Vacancy, of course, has many causes—economic stagnation, shifting consumption patterns, inflation, platform-driven retail disruption. These factors are real, and measurable. But beneath them lies something more difficult to quantify: a design logic that fails to anticipate how people attach to place, how space becomes meaningful, or how daily life resists pre-configuration.
The dissonance is structural and symbolic. Urban planning in these districts conflates form with function, efficiency with vitality. Streets are planned before movement exists. Shops are constructed before desire has settled. What results is not just an empty space—but a space that was never given time, or reason, to be filled.
Urbanity, in its truest form, resists instant delivery.
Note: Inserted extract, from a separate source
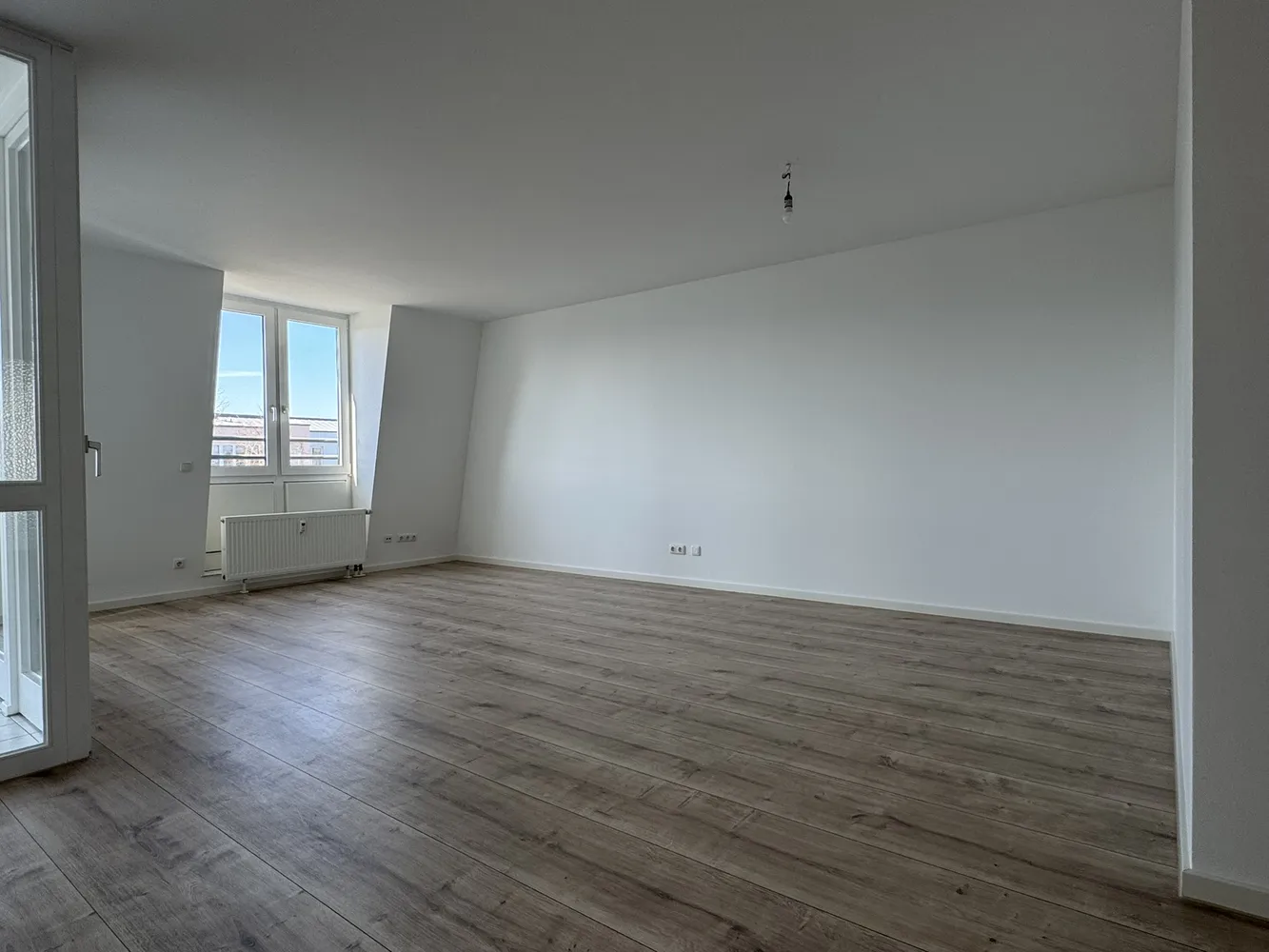 3 Zimmer Wohnung mit 93 m² in München – Bild 3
It emerges from accumulated time, layered friction, and lived unpredictability. The smell of a morning bakery, the creak of an old stairwell, the accidental encounter—these are not programmable assets. Yet when cities are designed without space for such residue, they become psychologically impenetrable, however physically accessible.
The result is a proliferation of spaces that are visually complete but emotionally vacant—spaces that lack what might be called civic intimacy. People do not attach, not because the buildings are poorly made, but because the conditions for attachment were never designed into the plan.
When the City Arrives Before Its People
Cities are not merely physical environments; they are psychological landscapes. We relate to them not only with our feet, but with our attention, habits, and memory. A good city does not just accommodate life—it offers the emotional and perceptual cues that allow us to settle, identify, and return.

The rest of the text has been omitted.